Hour 4-16: Core Implementation

Implemented face recognition system
Integrated Zoom Video SDK
Built React UI components
Created API endpoints
Tested basic face detection

Hour 16-28: Integration & Features

Connected frontend to backend
Implemented audio feedback
Added Pinata/IPFS storage
Performance optimization
Cross-browser testing

Hour 28-36: Polish & Demo

UI refinements
Edge case handling
Demo preparation
Presentation creation
Live testing with judges

Future Enhancements

Technical Improvements:

Mobile app: Native iOS/Android versions
Wearable integration: Smart glasses with camera
Emotion detection: Identify facial expressions
Gesture recognition: Detect waving, pointing
Object detection: Identify obstacles, not just people
Multi-language: Support for international users

Feature Additions:

Social context: Remember where you met people
Conversation history: Recall previous interactions
Group dynamics: Understand social groupings
Accessibility modes: Different levels of detail
Offline mode: Pre-loaded faces for common locations

Conclusion

Badger Vision demonstrates that emerging technologies can be harnessed to solve fundamental accessibility challenges.
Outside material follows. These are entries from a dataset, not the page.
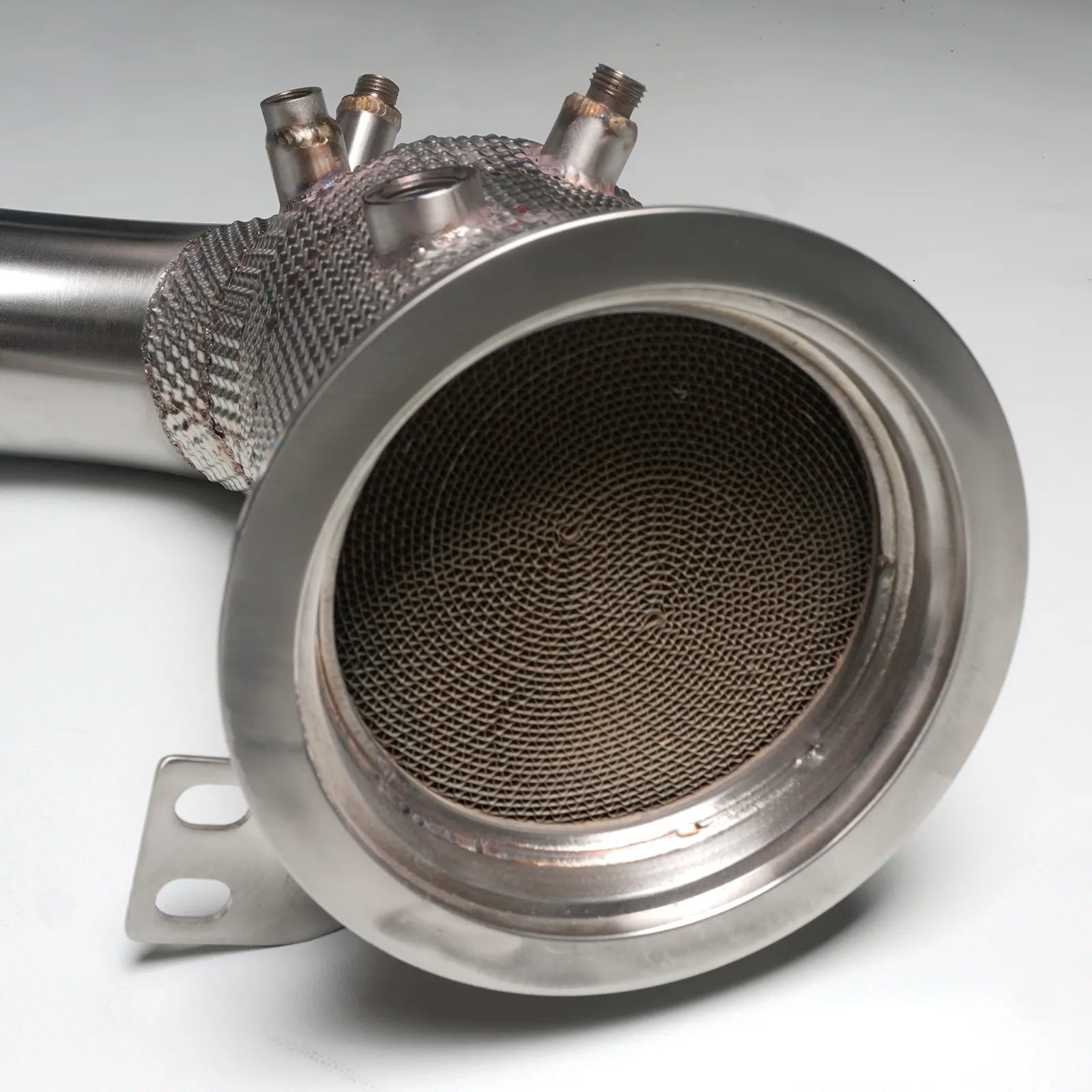High Flow Cat Less Downpipes W/ Heat Shield - Porsche 911 992 3.0T 2019-2021.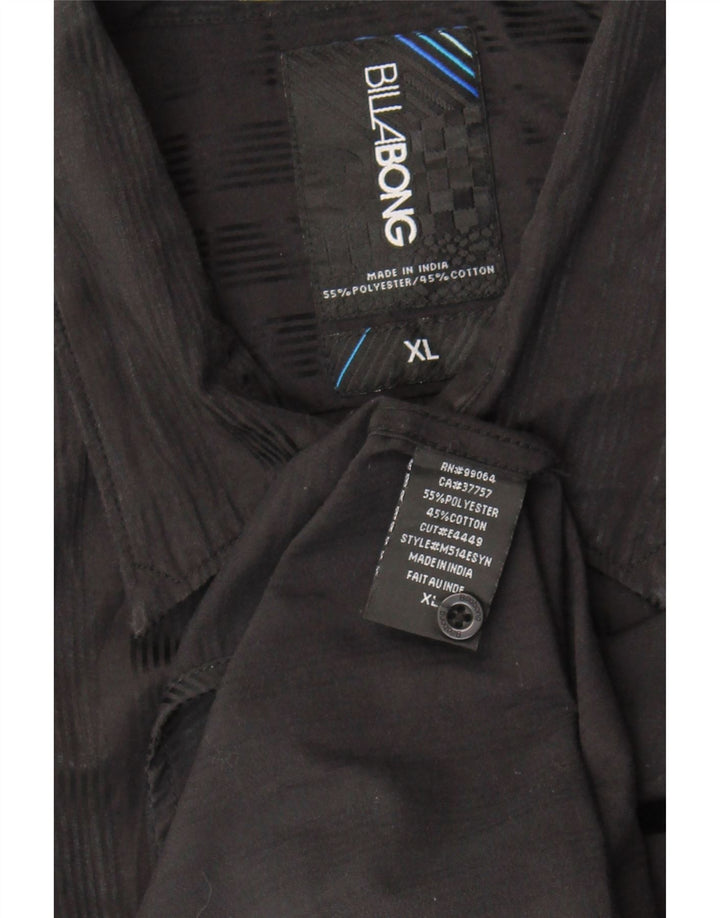 Camisa gráfica masculina Billabong XL poliéster listrado preto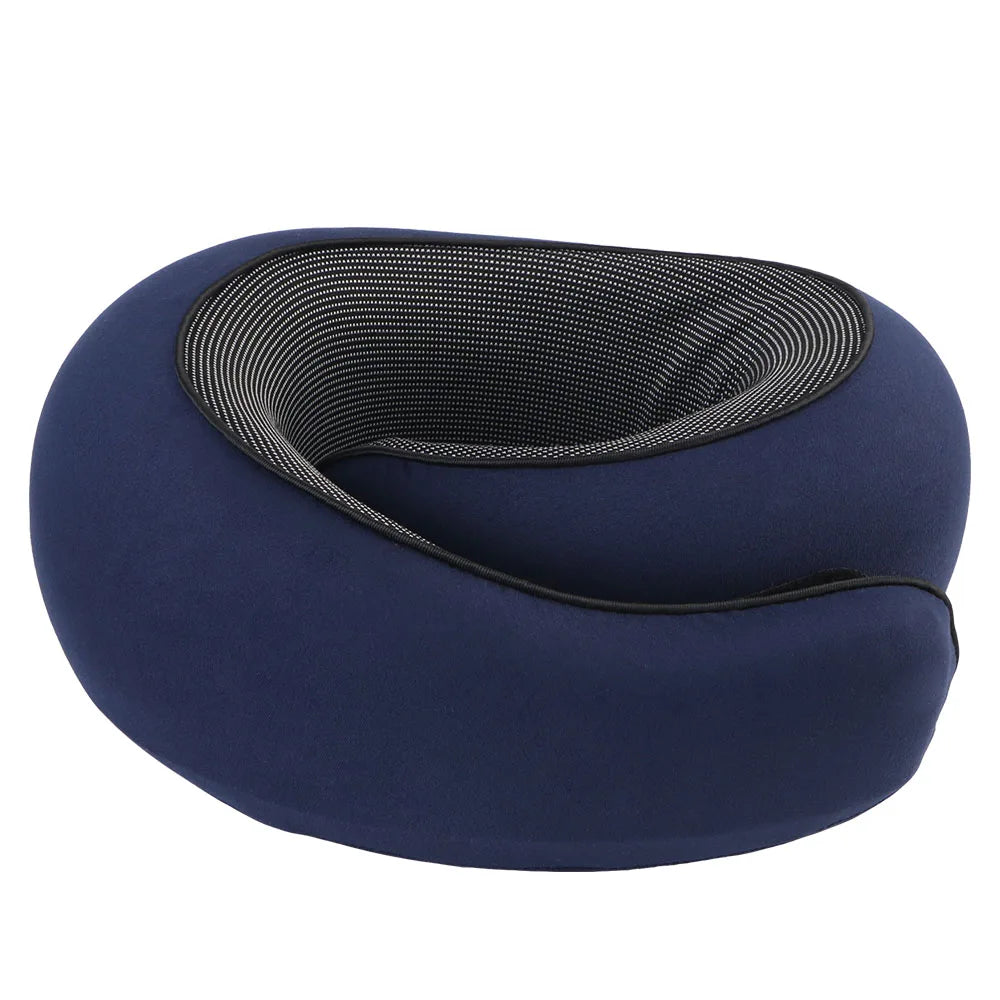 Travesseiro Portátil em Forma de U – Espuma Viscoelástica, Confortável para Viagem e Descanso, Suporte para Pescoço e Relaxamento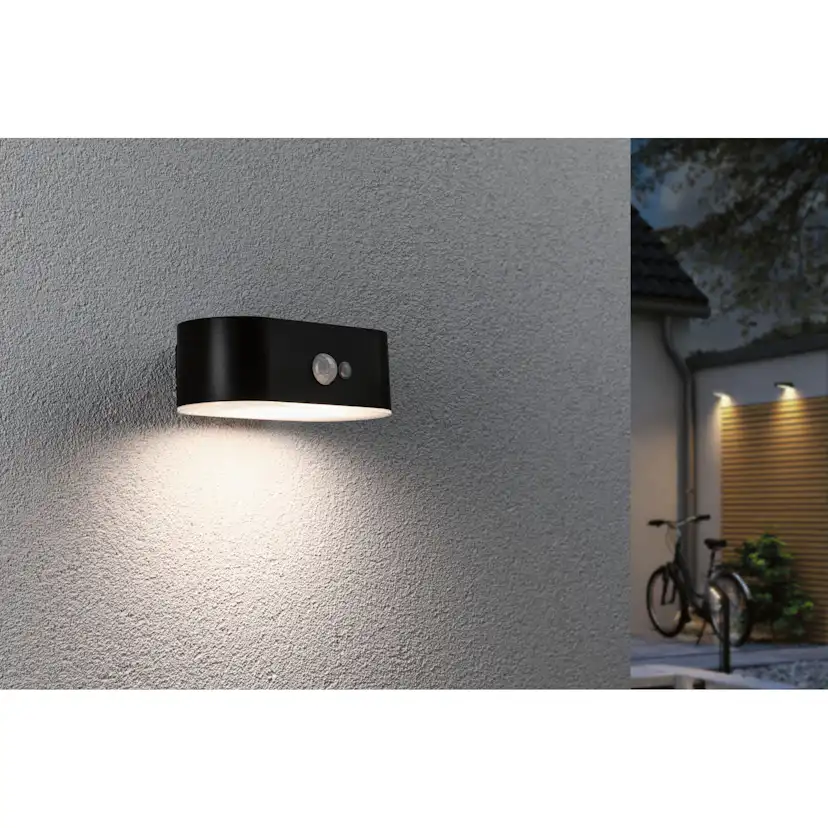 Fasadbelysning Solcell Paulmann Adya LED med Rörelsesensor IP44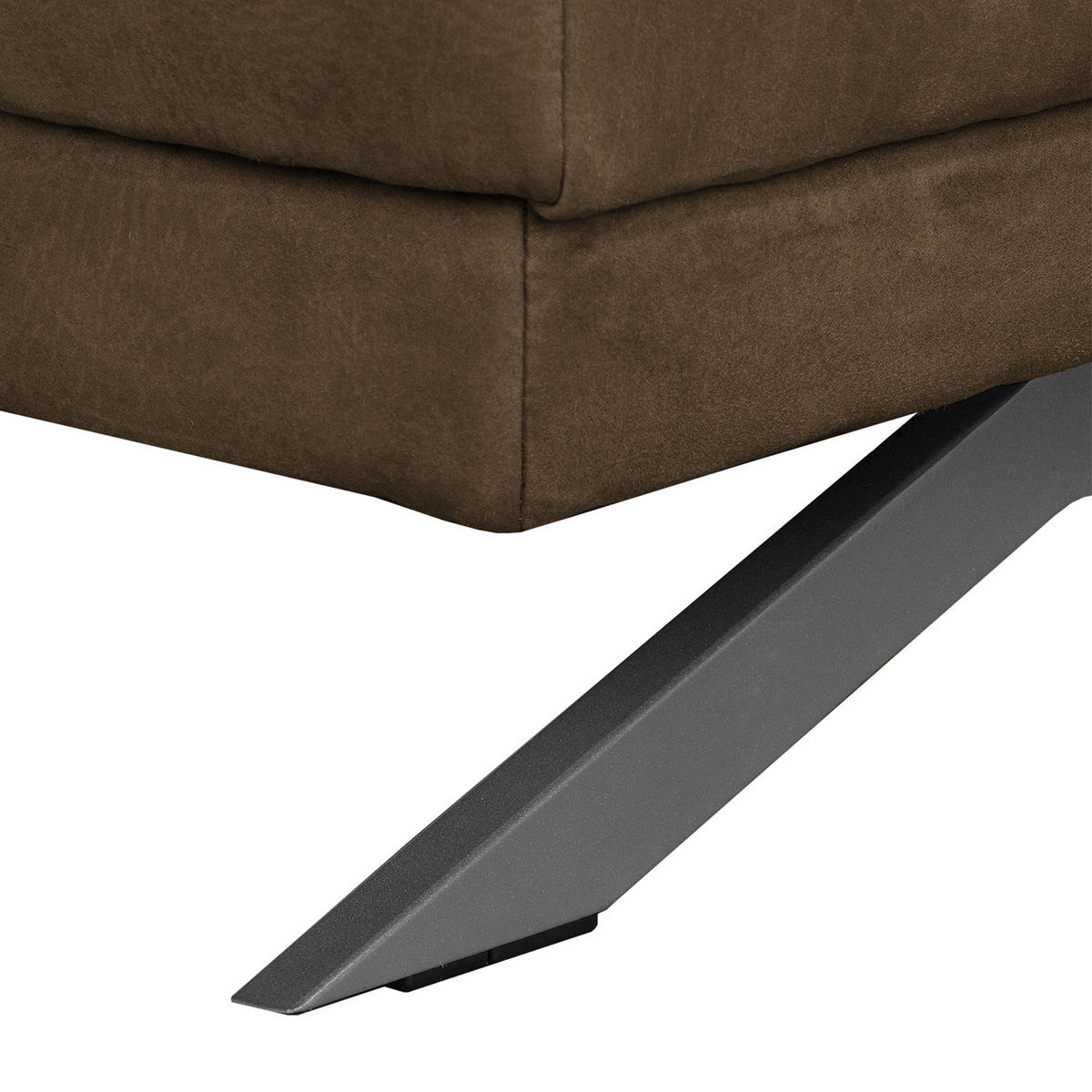 2-SITZER SOFA - Antiklederlook - Beige, Textil (196/81/89cm) - home24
By combining computer vision, real-time video streaming, and thoughtful interface design, we created a tool that could transform daily life for visually impaired individuals.

This project showcases:

Cross-disciplinary skills: ML, web development, accessibility design
Rapid prototyping: 36 hours to working product
Social awareness: Engineering for inclusivity
Technical integration: Multiple complex systems working together
Competitive success: Prize at major hackathon

More importantly, it reinforces that technology should serve human needs. The best innovations don't just showcase technical prowess, they make life meaningfully better for real people. Badger Vision aspires to do both.